One of the top stories this morning is that expelled Israeli diplomat, Amir Laty, has claimed his expulsion was related to a friendship he had with Caitlin Ruddock, daughter of Philip Ruddock. Based on the radio news bulletin I was expecting to write something suggesting Ruddock should resign for his own good, but going into the detail reveals no cause for that. In fact the allegation does not deserve reporting without serious qualification.

Now I am not somebody who thinks Ruddock should remain - he is somebody who was once (to all appearances) an idealist who has lost his soul to political careerism, has done a shockingly bad job as Attorney-General and who betrayed what were once his own convictions as Minister for Immigration - but honestly, an allegation by a platonic friend of his daughter that his expulsion was related to a friendship with the daughter just doesn't rate, especially when it is as speculative as this one is and comes from the mouth of the aggrieved person.
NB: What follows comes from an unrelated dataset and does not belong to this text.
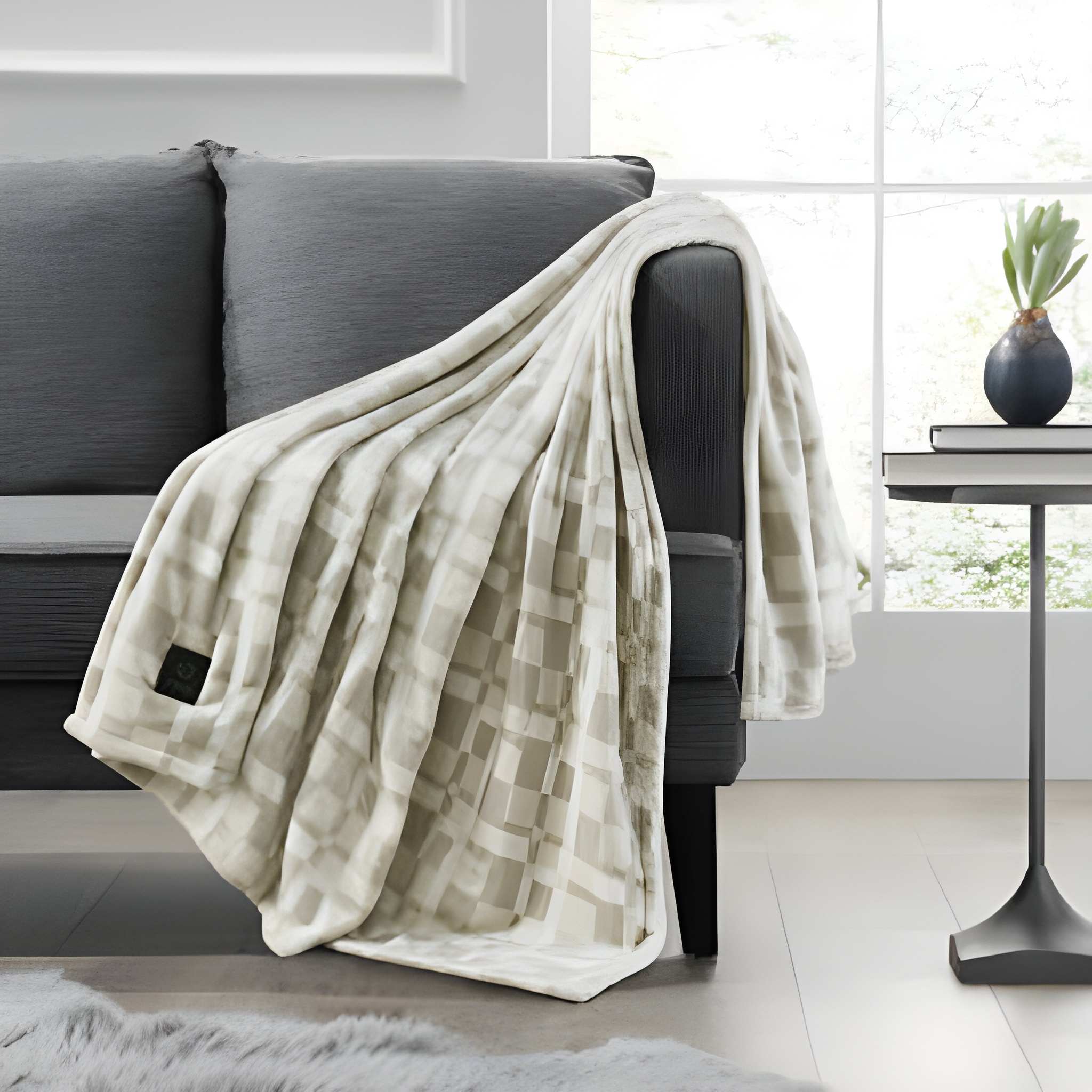Brookstone Cozy Heated Plush Throw Chic Plaid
Not everything a Howard minister does is bad - indeed I have always thought that most of the time the Howard ministry has done a very good job, marred by a few very serious failures that weigh more heavily than the good - and while it is normally only the bad that is interesting to talk about, it is a bad idea to start reading bad things into everything. The latter approach is something that unsettled me a little during the election, when a lot of the people I as dealing with were trying to pick every potential issue as reasons the PM needed to go, whereas I thought there was really only a handful of serious ones.

When we make complaints about ministerial conduct, let it be about things that are worth complaining about. To pick up this one and run with it diminishes the democratic process by confusing legitimate complaint with cheap political point-scoring.